I also never quite understood the people out there who treat their life as if it’s a movie and they are director and producer, editing scenes, adding and cutting content, deleting whatever doesn’t work for them and creating something completely new. It’s appropriate in fiction sure, but fact should stay as fact. I get annoyed when I’m watching a “based on a true story” film and find out later that during scripting and production, numerous fictional elements were added in order to spice it up and make it more interesting. At least when it’s done on-screen, there are valid reasons for doing so; entertainment value and making money. What justification can a regular boring person have for doing it day in and day out? You aren’t going to profit off of telling your friends a fictional tale of some hot guy hitting on you in the mall, nor are you obligated to try to entertain your friends with tall tales of your worldly adventures.
What it all comes down to is a craving for the attention of others. Negative attention can be turned around by throwing in a fairy tale about how someone wronged you, causing your criticizers to turn on the other person and seek to comfort you. If you have a somewhat average life, it’s easy to have all eyes on you by inventing tons of out-there stories of your encounters with various people or the crazy things that always seem to happen to you when you leave the house. Lying to try to build a reputation for yourself of being the life of the party by fibbing about all the people who see you in clubs and flock to you. But why?!?? Is there something lacking in your personal life? Are you insecure or ashamed of something? What’s wrong with making an effort to find interesting things that actually occur in your life rather than invent them on a whim?

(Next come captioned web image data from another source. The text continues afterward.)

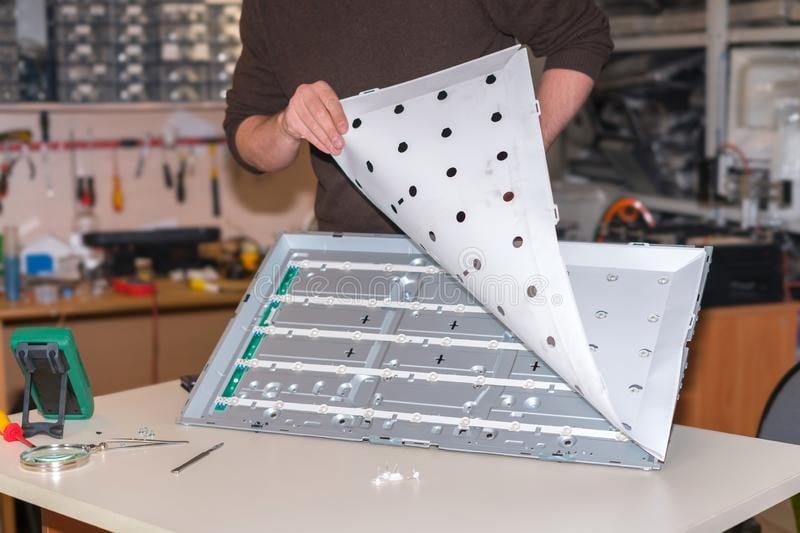 LED TV REPAIRING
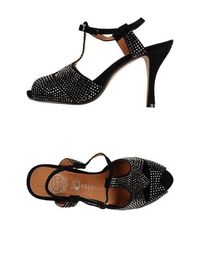Сандалии Jeffrey Campbell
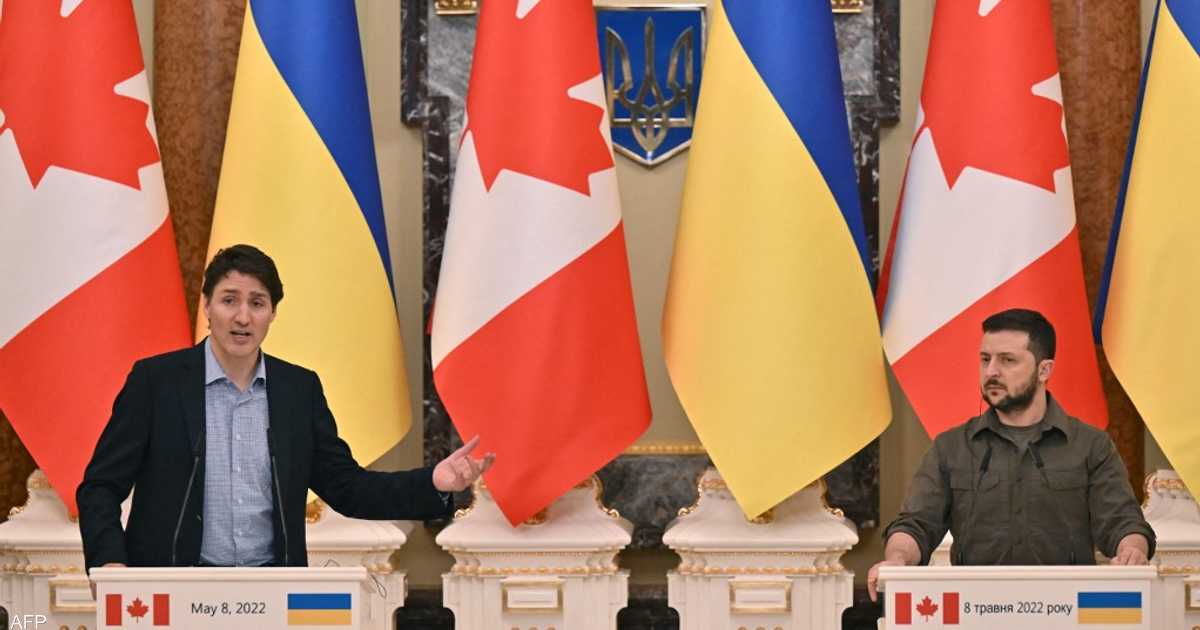 روسيا تمنع 41 شخصية كندية إضافية من دخول أراضيها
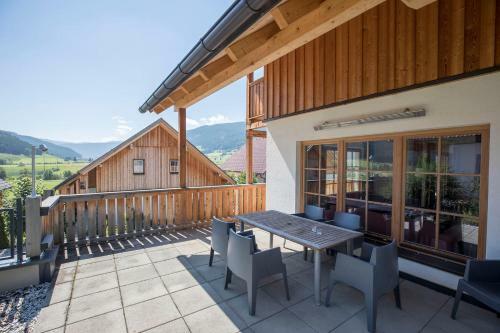 Panorama Chalets Mauterndorf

The positive side of it is that I’m fairly certain the majority of people can easily see through the false parts of people’s stories. Did anyone actually believe Bristol Palin when, after appearing on a reality dancing show, she got this done:
With the justification that it was necessary for medical reasons so her jaw and teeth could properly realign? No, you got it done because countless people were calling you a cow and mocking your fat face, stating you were the only person on that show who was gaining weight rather than losing, so you fixed your jaw to look thinner. Why lie about it? Just be honest, admit you got surgery due to an unhappiness with your personal appearance, and be done with it because WE ALL KNOW THE TRUTH ALREADY! There are very few people out there who are truly skilled liars; the majority of those who try are highly counterproductive and end up exposing themselves eventually. Common sense will win every time and the bigger the bullshitter is, the more obvious their bullshit becomes. Anyone got a shovel?